After locating the line that contains "Кросівки волейбольні жіночі", give that line and all the rest through the end of the entries again exactly, leaving the pictures out.

=== ENTRIES SHOWN ===

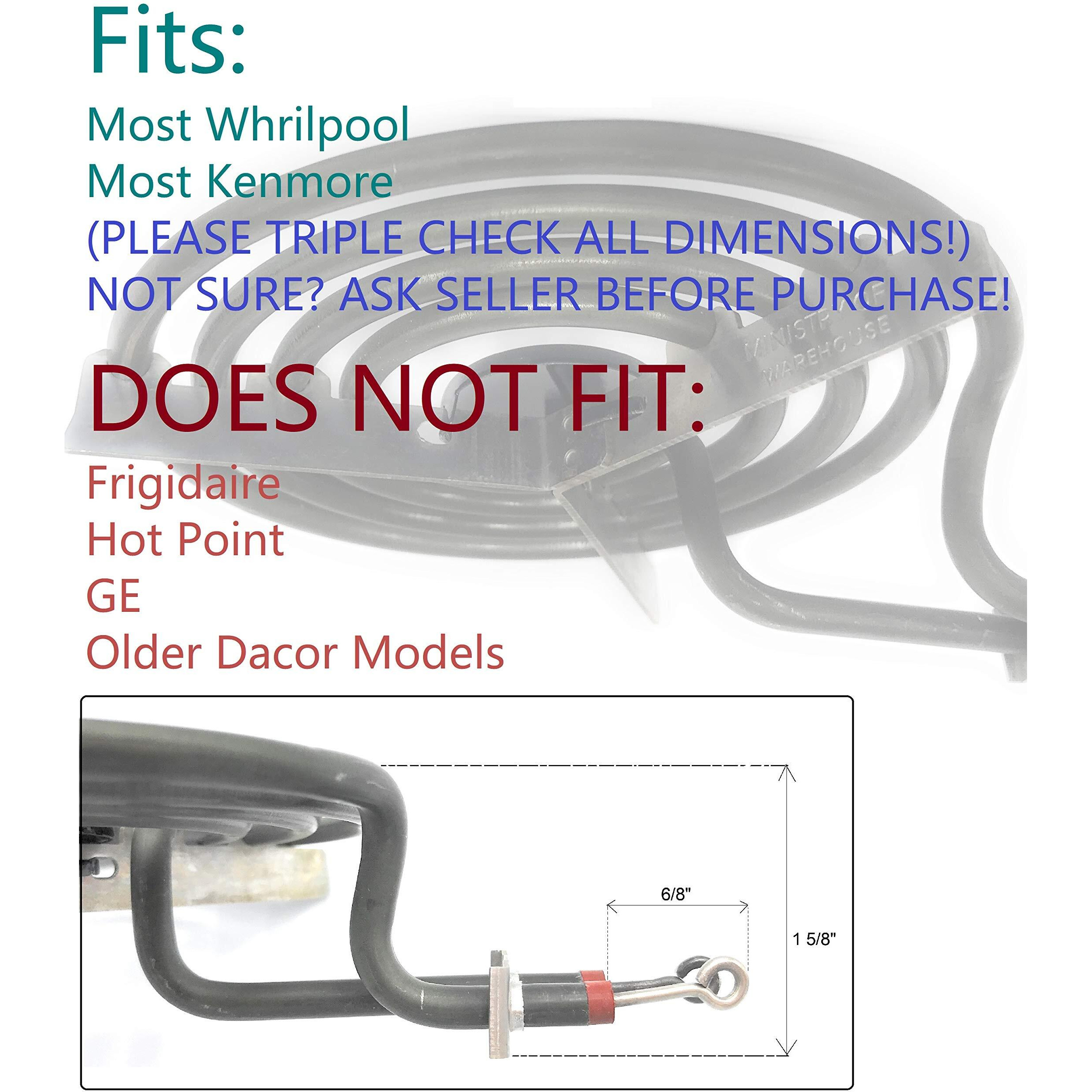 Cooking Appliances Mp22Ya Electric Range Burner Element Unit Set 2- Mp15Ya 6.5"" 2- Mp21Ya 8""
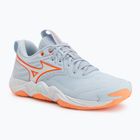 Кросівки волейбольні жіночі Mizuno Wave Momentum Elite blue finch/white/lava orange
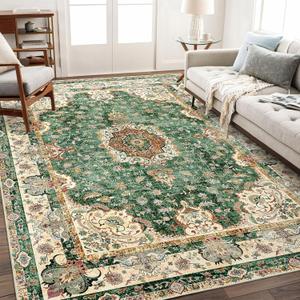 5'x7' Area Rugs Washable,Green Rug for Living Room Bedroom,Large Boho Vintage Bohemian Distressed Oriental Carpet Non Slip,Retro Sage Floral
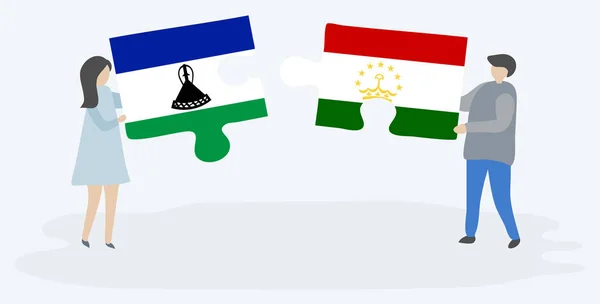 Coppia Contenente Due Pezzi Puzzle Con Bandiere Basotho Tagikistani Lesotho — Vettoriale Stock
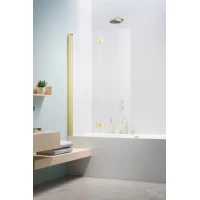 Шторка на ванну Radaway Nes Brushed Light Gold PND I 130 Left 10010130-98-01L 130 см L, профиль светлое золото матовый, стекло прозрачное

===

→ **YOUR RESPONSE**:
 Кросівки волейбольні жіночі Mizuno Wave Momentum Elite blue finch/white/lava orange
 5'x7' Area Rugs Washable,Green Rug for Living Room Bedroom,Large Boho Vintage Bohemian Distressed Oriental Carpet Non Slip,Retro Sage Floral
 Coppia Contenente Due Pezzi Puzzle Con Bandiere Basotho Tagikistani Lesotho — Vettoriale Stock
 Шторка на ванну Radaway Nes Brushed Light Gold PND I 130 Left 10010130-98-01L 130 см L, профиль светлое золото матовый, стекло прозрачное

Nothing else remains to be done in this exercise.